Une bulle financière
L'immobilier commercial est aujourd'hui caractérisé par un décalage entre offre et demande : les taux d'intérêt quasiment nuls ont favorisé la course aux investissements, lesquels ont ensuite été valorisés par une inflation continue des loyers, supérieure à celle des ventes en commerce physique. En découlent des friches dans certaines agglomérations, et une surcapacité de superficie commerciale de l'ordre de 12% à échelle nationale, selon les chiffres de l'étude. Pourtant, les programmes de nouveaux centres commerciaux continuent de se développer, même si à un rythme nettement moindre qu'auparavant. Or, l'analyse des perspectives des différentes filières de la distribution réalisée par Les Echos Etudes, parvient à la conclusion que la surcapacité à l'horizon 2023 continuera de croître, de l'ordre de 30% supplémentaires. Entre autres parce que le e-commerce dispose encore d'un fort potentiel de progression dans de nombreuses filières, et que la Restauration, sur laquelle repose une grande part des espoirs des investisseurs immobiliers, est elle-même déjà proche de la surcapacité.
Retailtainment, proximité, porosité… des mutations nécessaires mais pas suffisantes
Tenant compte du nouveau contexte urbanistique et sociologique, ainsi que des formidables opportunités qu'apportent les technologies pour favoriser l'expérienciel en point de vente (réalité virtuelle et augmentée, connexion des objets, big data…), les enseignes et les acteurs de l'immobilier ont amorcé une mutation, consistant en grande partie à « aller vers » le chaland (proximité, transparence des bâtiments, implantations dans des lieux de mobilité type gares et aéroports, animations des points de vente et centres commerciaux, porosité au sein d'un même bâtiment entre bureaux, coworking, commerces, hôtellerie, restauration…) au lieu de « faire venir ». Souvent présentée comme le remède aux enjeux du commerce traditionnel, cette évolution, certes nécessaire, ne résout pas la crise profonde du commerce traditionnel.

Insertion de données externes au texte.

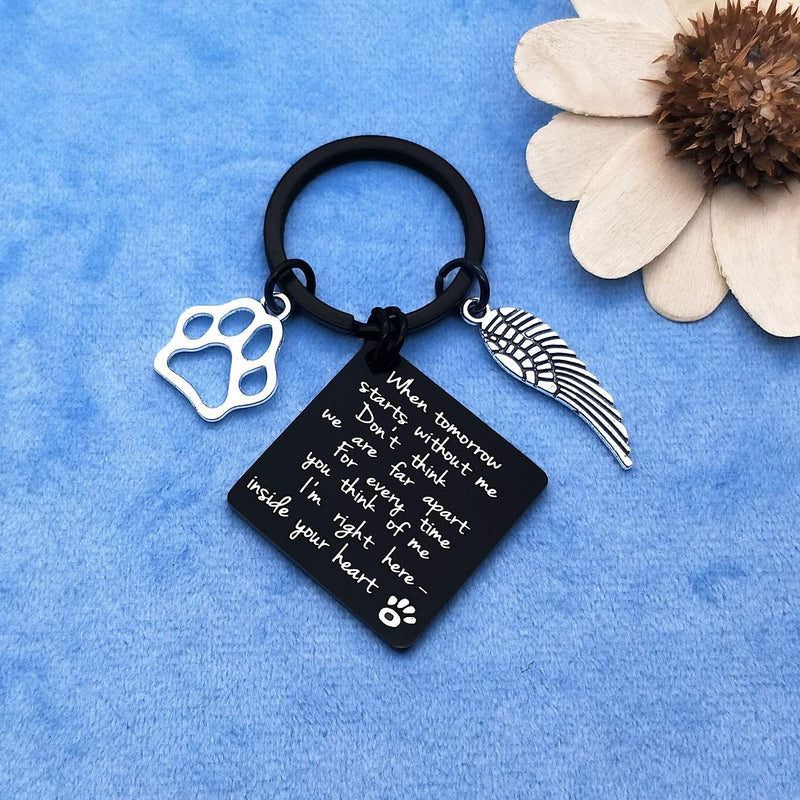 Loss of Pet Keyring Pet Memorial Gifts Keyring Dog Cat Sympathy Gifts When Tomorrow Starts Without Me Keychain Pet Lovers Remembrance Gifts Pet Owner Keepsake Keyring Gift in Memory of Pet Gift - PawsPlanet Australia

Plus flexible, modulaire, collaboratif… c'est le modèle économique dans son ensemble qu'il faut revoir
En effet, les commerçants n'ont plus la visibilité suffisante pour des engagements de longue durée et des loyers fixes en inflation continue. Réciproquement, certains bailleurs, notamment les centres commerciaux, ont eux aussi besoin de réactivité pour anticiper l'évolution des besoins, ce que le cadre actuel d'un bail commercial ne permet pas. Au global, le modèle économique actuel de l'immobilier commercial, très « figé », est dépassé. Ainsi, Les Echos Etudes considèrent, par exemple, que l'éclosion des boutiques éphémères est plus qu'un épiphénomène marketing : le reflet d'un besoin de modèle immobilier plus souple, plus agile, quel que soit le format de point de vente. L'étude souligne également que la plupart des filières confrontées à une forte inadéquation entre offre et demande ont connu des transformations profondes, souvent sous la forme de nouveaux entrants issus de l'économie collaborative. Dans l'immobilier, ce fut le cas, par exemple, de l'immobilier de bureaux (Coworking), de l'immobilier résidentiel (Proptech, Coliving)… Seul l'immobilier de commerces n'a pas encore fait sa révolution : une situation difficilement tenable dans un contexte où les enseignes ont besoin de davantage de flexibilité économique, de modularité des espaces, et où les projets doivent mieux intégrer en amont la diversité des attentes des maîtres d'usage (chalands, commerçants). Les Echos Etudes dessinent des pistes de ce que pourrait être l'immobilier commercial de demain : une mutation profonde nécessaire pour enrayer l'accroissement de surcapacité.